Have a clear vision for change
It is vital to have a strong vision for the change and why it’s better than the status quo, says Carter. “Why are we doing this? And is it being described in a way which connects with employees or stakeholders in an organisation? Ideally, it needs to connect at quite an emotional level,” she explains.
“I think a lot of management training about change is quite linear, whereas actually what connects people is the story about what the future would look like when the change is done. That is something people can relate to and rally behind,” she adds. It’s also important for organisations not to simply try and align changes with their current culture, in the hope of making them acceptable – “you’ve got to align it with the culture you want”.

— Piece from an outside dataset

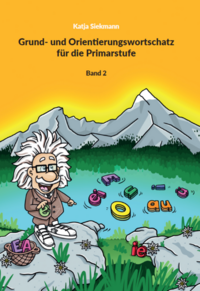Grund- und Orientierungswortschatz für die Primarstufe. Band 2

Get employees involved from the start
Carter also believes organisations can do more to ready their employees for the next change. But is building agility in the workplace key to being able to handle change better? Swann says that until organisations recognise the world they operate in will never stand still, they will always see a change in isolation. “We’re still in the early stages of organisations building flexibility and adaptability as a standard and there is a long way to go,” he says. “It’s not a case of completely changing an organisation’s structure to allow constant, natural evolution, it’s more a case of unleashing people through the flow of information up, down and around the organisation. It’s not so complicated and when this happens, change can be adopted much more easily.”Swann has five golden rules for companies undergoing a change management programme:
1. Put people first
2. Consider the impact
3. Give everyone ownership of the change
4. Communicate constantly and openly
5. Think differently
“An effective change management programme can be defined by one which results in positive adoption,” he says. “Every company is unique, like every individual within it, and every change will impact teams, groups or individuals in slightly different ways, so a change management programme needs to tell a story that provides tools for a smooth transition at all levels. The same overall principles can be applied, but they need to be accessible and allow everyone to explore and connect with change in their own context.”
Communication is key
Matt Jenkins, head of consulting at Footdown, says it’s important that organisations are aware that employees go through the change curve at different speeds. “Adjust your strategy so people are supported through change and communicate with them as much as possible,” he recommends. But make sure communicate doesn’t equate to ‘e-mail overload’, but a variety of formats, such as newsletter, events and team building sessions. “Just as important is the need to listen to employee needs and ‘pain points’. Too often communication is an outbound process and inbound communication is forgotten. Constructive discussion can truly trigger significant improvements for everyone.”
Carter also believes it’s important to involve employees in the process. “It’s about it not just being top down – by engaging employees you make it bottom up as well. When you have change driven from the top that’s often where you get a lot of employee resistance, but if you have predominately employee driven change you risk not achieving the corporate objectives” she says. “It’s the space in the middle and how they connect that needs the careful handling. If you do both simultaneously, the change is also likely to happen more quickly.” And finally, make sure you capture the corporate learning from any change management programmes you have carried out, she says – what worked well and what didn’t – so the process can be improved for the next change.